I have had bettas for several years now and have never had a problem (except one of them got constipated) but I just got a new betta and his bubble nests are orange. I thought at first it may have been a problem with the water, but I've changed his tank 3 times and each time he makes a nest it has orange bubbles. I've googled TONS of different things trying to find out what's wrong but can't seem to find anything. There is nothing visibly wrong with him, he swims and eats fine. Any ideas as to what might be wrong?


----------



## fishman12 (Sep 1, 2010)

Maybe it is just the lighting...


----------



## Emmie54 (Sep 19, 2010)

It's definitely not the lighting. He is in the same room as several other bettas (I have about nine at the moment, not including the babies) and it's bright orange. I've never seen anything like this before


----------



## Posaune (Sep 17, 2010)

I don't know, the bubbles is just air isn't it? I don't know how the orange color could be from the fish itself.


----------



## Learn To Fly (May 15, 2010)

Could you post a picture of it? That's really weird.


----------



## Emmie54 (Sep 19, 2010)

The male betta coats the bubbles with saliva which is why they don't just pop once they reach the surface. So far no one can explain to me why his bubbles are yellow and orange.
I would post a picture but I'm not sure how :/


----------



## Posaune (Sep 17, 2010)

Upload the picture to something like photobucket, then post the imag link into the reply and it should post the picture.


----------



## DragonFish (Mar 31, 2009)

That is really, REALLY strange  Wow....may it has something to do with his saliva..? Hmm...did you get him from a breeder or a petstore? Perhaps ask what they were feeding him...?
Yeah, I'd definitely like to see a pic....lol, I'm really curious, I've never heard of something like this before.


----------



## bloo97 (Mar 6, 2010)

Bettas have saliva? Who knew! Well, I guess you do...

Anywho...Yes. A pic please!


----------



## metalbetta (May 17, 2010)

I just link my pictures from facebook usually.

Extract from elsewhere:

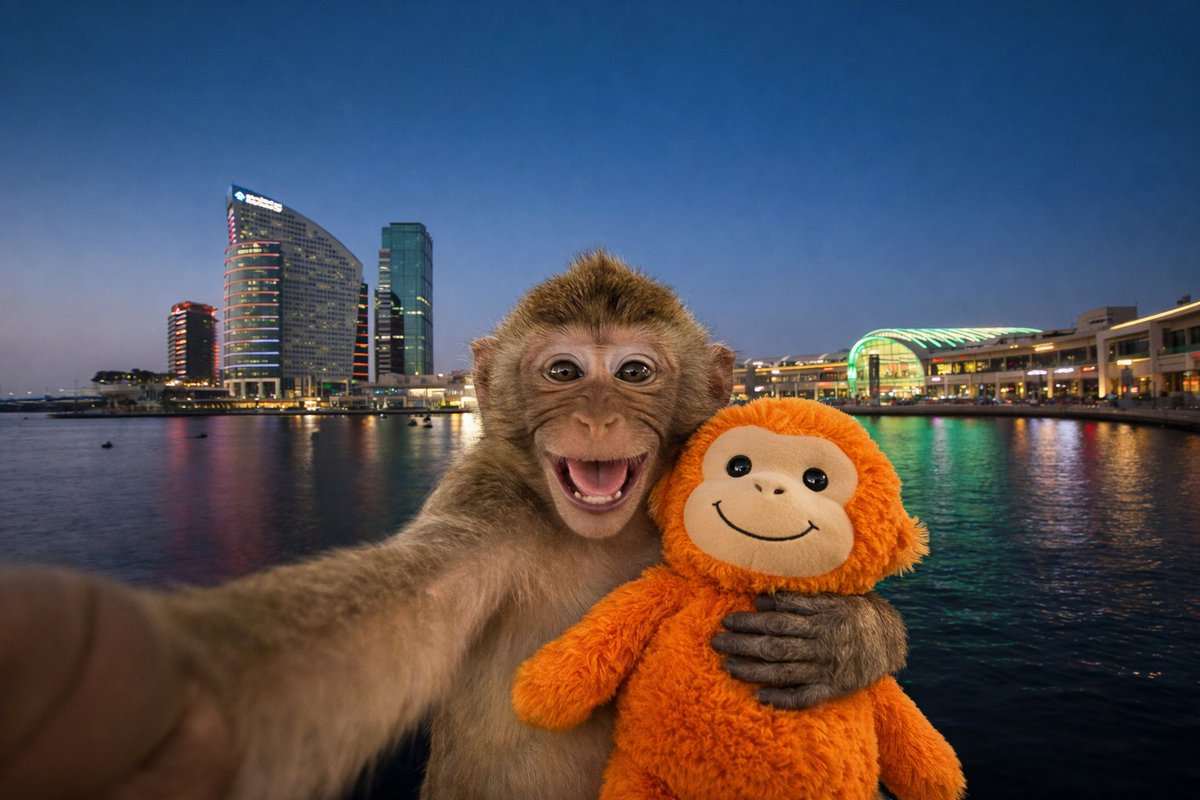 Dubai Festival City tweet media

Weird though...


----------



## Ajones108 (Jul 7, 2010)

You could take a picture, upload it to www.tinypic.com and then link us to the image that way.  I find photobucket slow.


----------



## Emmie54 (Sep 19, 2010)

Here are the links to those pictures. I got him from a petstore out of pity. lol whenever I see them in there in those tiny little bowls I heart breaks. He was too pretty to just let him sit there and rot! He'll never be a breeder because he's too old but I couldn't leave him there! lol
These pictures don't do the colour justice, it is much more vivid in real life. (I've also changed the water about 6 times so It's not near as orange as it was.

http://i1025.photobucket.com/albums/y315/Emmie541/DSC01653.jpg
http://i1025.photobucket.com/albums/y315/Emmie541/DSC01652.jpg


----------



## metalbetta (May 17, 2010)

It doesn't look like the bubbles themselves are orange, but there's some gunky stuff in there that might be causing the color. What are you feeding him?


----------



## DragonFish (Mar 31, 2009)

Ahh, I see now....yeah, I agree with MB, looks like there's a bit of gunk in there. He may have some sort of problem with whatever organ is used to produce the saliva that helps hold bubblenests together....? I'm not sure....thats really odd...


----------



## metalbetta (May 17, 2010)

Or he could be throwing up? That was my first thought.


----------



## dipsydoodlenoodle (Mar 3, 2010)

I agree it looks like dust or power from somewhere. 

He looks a pretty boy


----------



## Emmie54 (Sep 19, 2010)

the stuff that looks like gunk are popped bubbles, when he first makes them you can tell that the bubbles are yellow. I just feed him regular betta food from the petstore. It's the same stuff I feed the rest of my bettas, although I was thinking of feeding him some blood worms. He's really pretty


----------



## metalbetta (May 17, 2010)

Looks like my Winston. Dals are the best. 

Really odd... You could try a different brand with him and see if that changes anything?


----------



## Emmie54 (Sep 19, 2010)

I'll probably do that. It's so odd though because no websites or anything explain anything like this lol. Every time he makes one the bubbles are yellow and orange. so strange. lol Thanks for the help everyone


----------